According to my 7yo, this assignment was given without any discussion of interesting or detailed word choice in writing, either as an instruction for the homework or generally in class. Ironically, if the drafters of the worksheet had used a more detailed word than “best” in the instructions, it would have been much clearer!
This is the same teacher who last semester sent home a homework assignment that had to be done midweek: “Use this recipe to make gingerbread men!” I’m sure all the double-income households appreciated it even more than I did. And the recipe sucked - it had something like 25% the normal butter-and-sugar to flour ratio of standard recipes, and didn’t have an oven temperature or baking time.
Generally I think this teacher is pretty good, but she doesn’t have a great eye for detail, and it sometimes results in some consternation at home!
Got any good dumb assignments from your kids’ (or your) school?
In defense of teachers; some use them because they are lazy, but I think (based on watching my mom, aunt and several cousins teach) often a teacher will buy a theme package of material or inherit one from a previous teacher and not notice the really crappy components because most of the theme is decently put together.

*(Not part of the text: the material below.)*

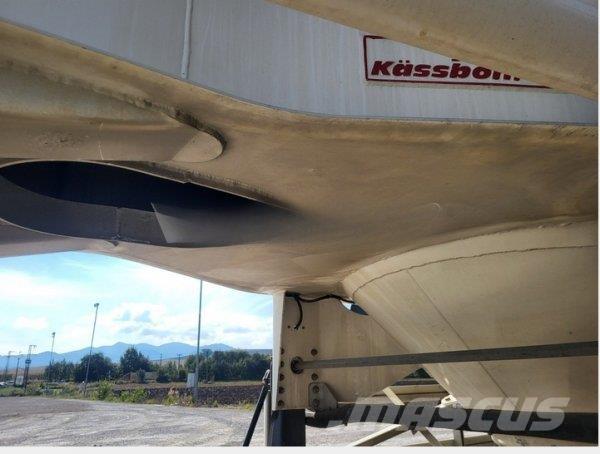 Kässbohrer SSL 35 Automobilinės cisternos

It takes years for the good teachers to put together (usually) monthly themes or learning modules that manage to teach the lesson and be good/interesting at the same time. My mom literally has an entire room in her basement full of theme boxes after 30 years of teaching K-2, and she still occasionally finds completely moronic worksheets purchased from teacher supply stores that she never noticed before. It’s just a heck of a lot of material to prepare, in addition to classroom decorating, parent-teacher conferences, extra-curricular supervising, report card writing (my mom’s school board seems to change formats every 3 years), etc. Also, she can’t draw worth crap - no way she’s making her own!
A good teacher will get these back, realize how bad an exercise it was, laugh at the responses and never use it again. A great teacher will find a way to turn it into a teaching moment for the class, or edit the original question into something that makes sense for future years.

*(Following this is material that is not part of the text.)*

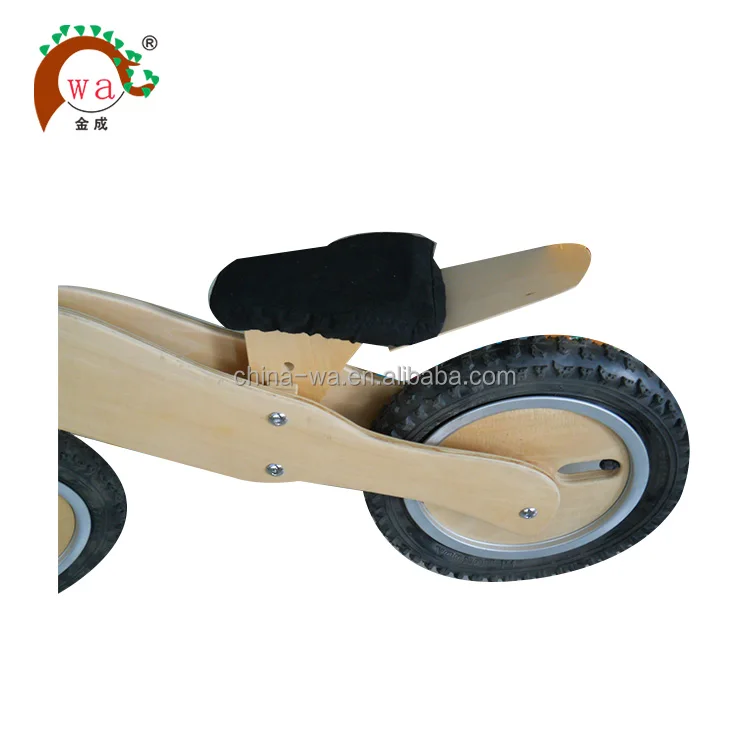 
Bicicleta Bike toy for children,cheap wooden balance bicycle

yeah I would second that. I have tried to put together these sorts of worksheets - and what takes the kids 10 minutes to finish takes 2-3 hours to design etc.

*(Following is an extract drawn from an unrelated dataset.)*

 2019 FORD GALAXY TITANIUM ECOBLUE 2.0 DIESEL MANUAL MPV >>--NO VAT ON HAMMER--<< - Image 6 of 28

My kid gets these all the time, also usually without helpful instruction. I figured it was due to South Carolina’s unwavering dedication to quality public education, but I can see now that we aren’t the only fortunate ones.
I’m going to skip the admittedly hilarious FAILL BUS and address this. I hate these assignments. I hate them with the heat of a thousand burning suns. If you want to assign my kid homework, fine. Assign my KID homework. Do not assign ME homework. I went to grade school once already and am not interested in doing so again. Additionally, I get plenty of “family together time” with my kids and do not need stupid assignments from the school that are clearly designed to get parents and kids to do some project together. In my opinion, if the assignment requires any more input or assistance from the parent than buying supplies or helping with questions about stuff the kid doesn’t understand, it’s well into “Parent Assignment” territory, and I don’t appreciate it.